## [Exercise instructions]
Using the listing below, give again exactly the lines from the line with "Maternity portrait showing" to the line with "A woman wearing", inclusive, without the pictures.

## [Data records]
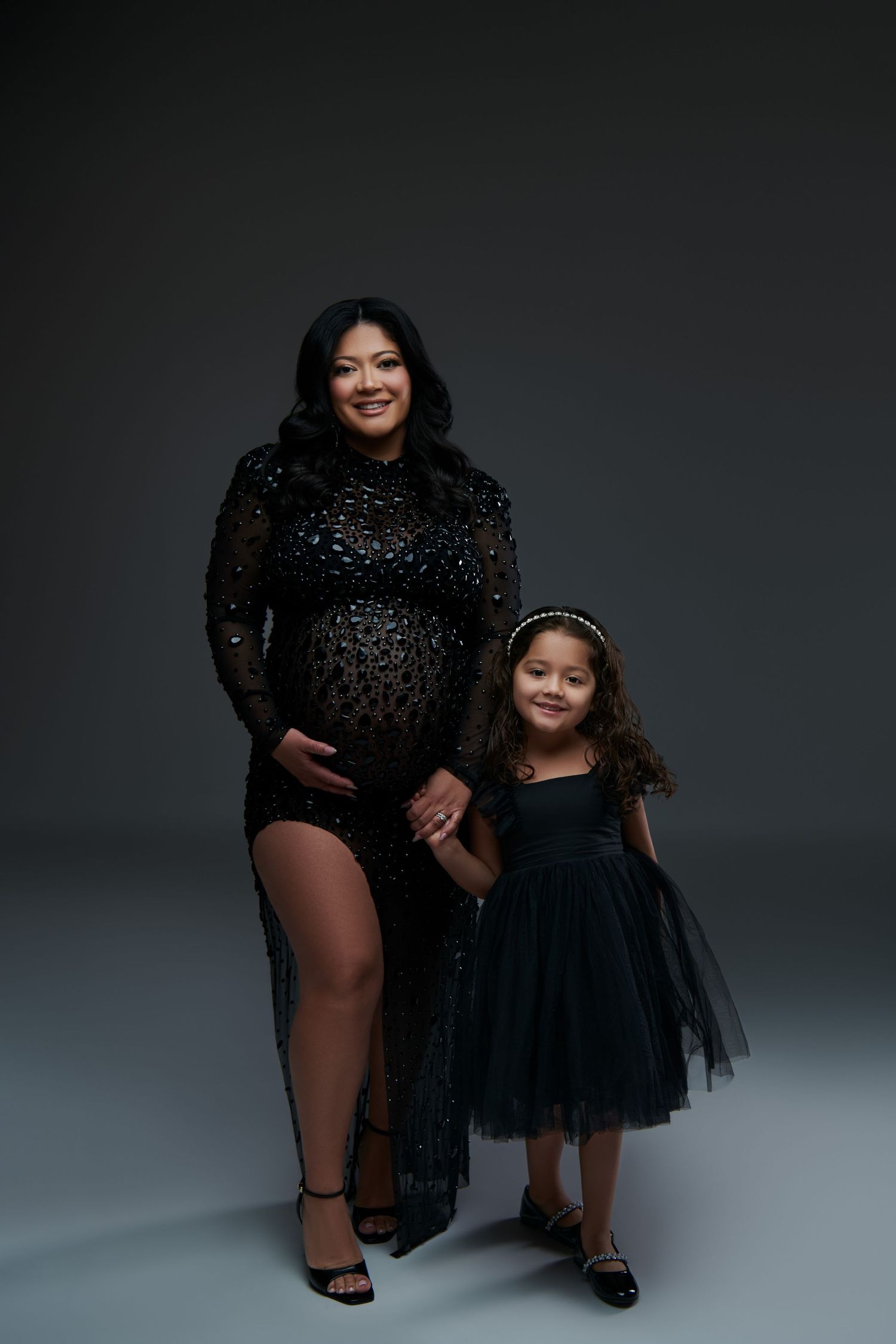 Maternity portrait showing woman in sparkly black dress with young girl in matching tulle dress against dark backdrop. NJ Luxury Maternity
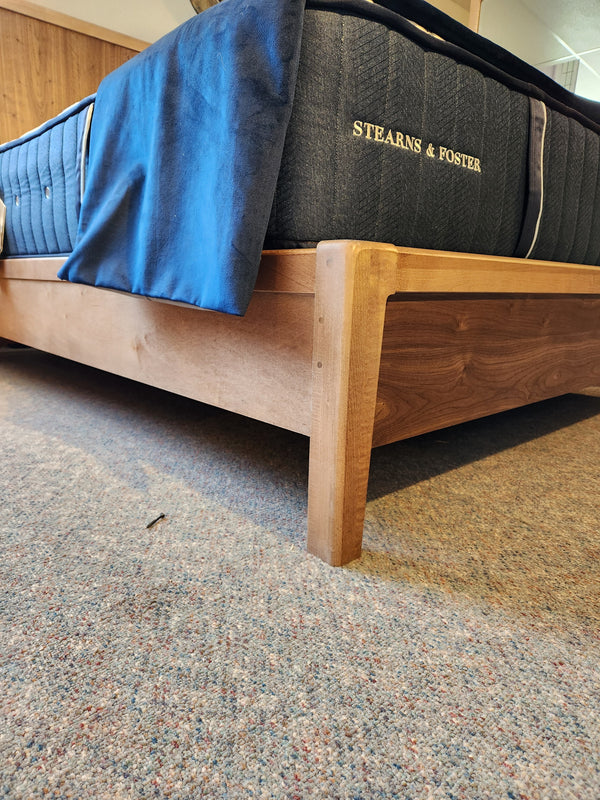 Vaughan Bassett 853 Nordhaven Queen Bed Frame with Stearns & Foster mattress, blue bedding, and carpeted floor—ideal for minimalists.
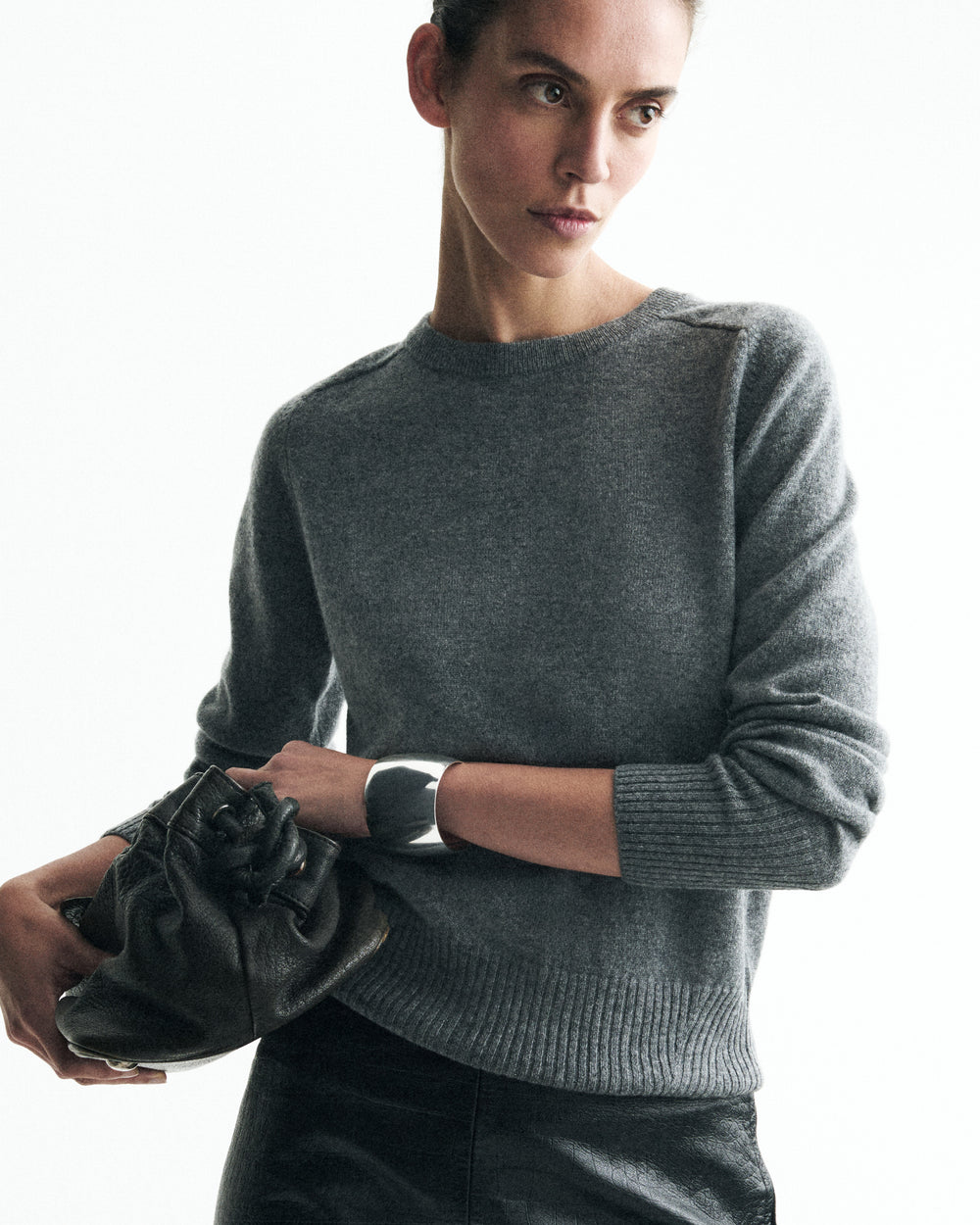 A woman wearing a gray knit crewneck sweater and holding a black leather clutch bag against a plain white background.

---

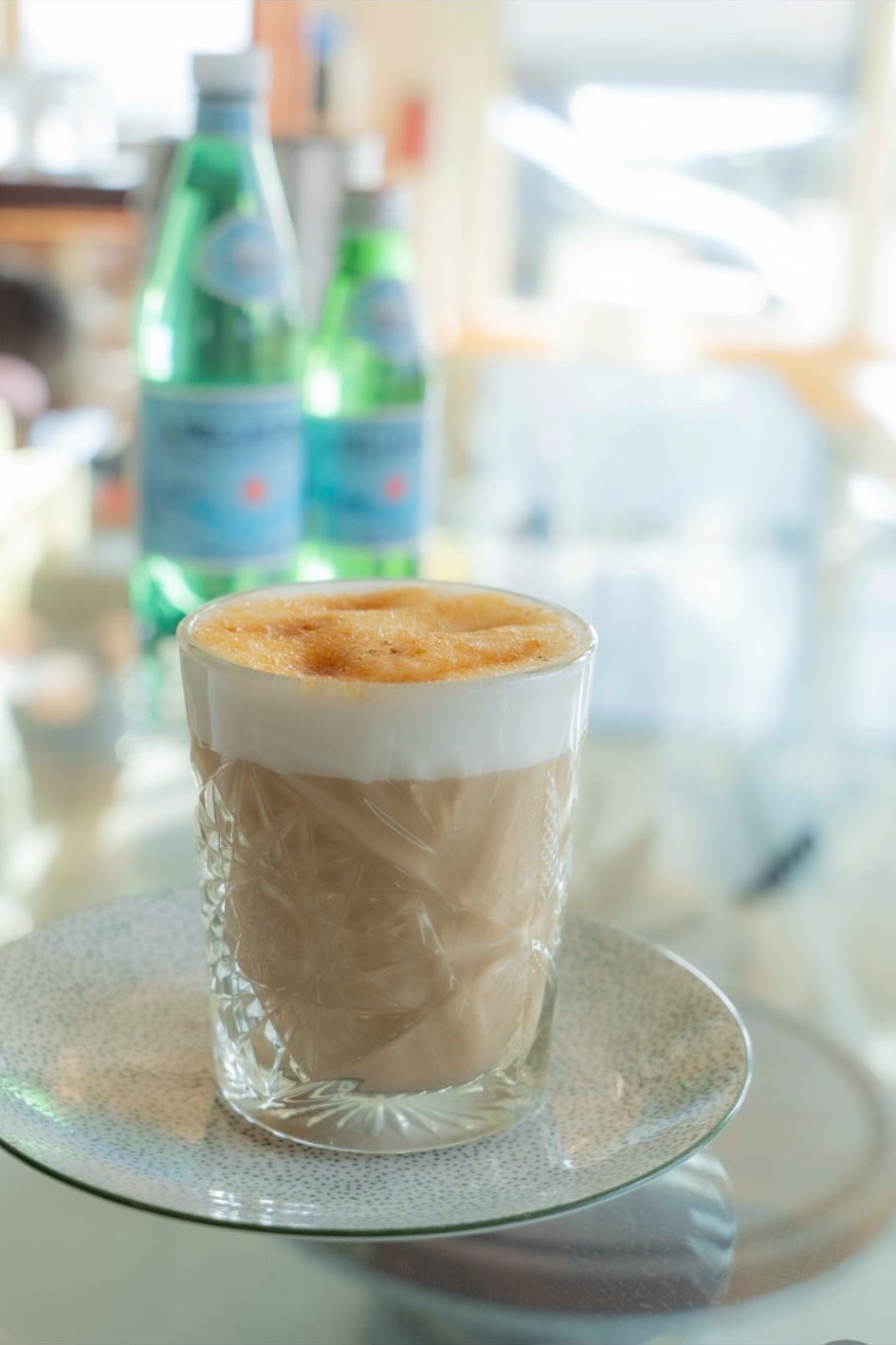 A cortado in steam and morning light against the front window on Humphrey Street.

## [Response below]
 Maternity portrait showing woman in sparkly black dress with young girl in matching tulle dress against dark backdrop. NJ Luxury Maternity
 Vaughan Bassett 853 Nordhaven Queen Bed Frame with Stearns & Foster mattress, blue bedding, and carpeted floor—ideal for minimalists.
 A woman wearing a gray knit crewneck sweater and holding a black leather clutch bag against a plain white background.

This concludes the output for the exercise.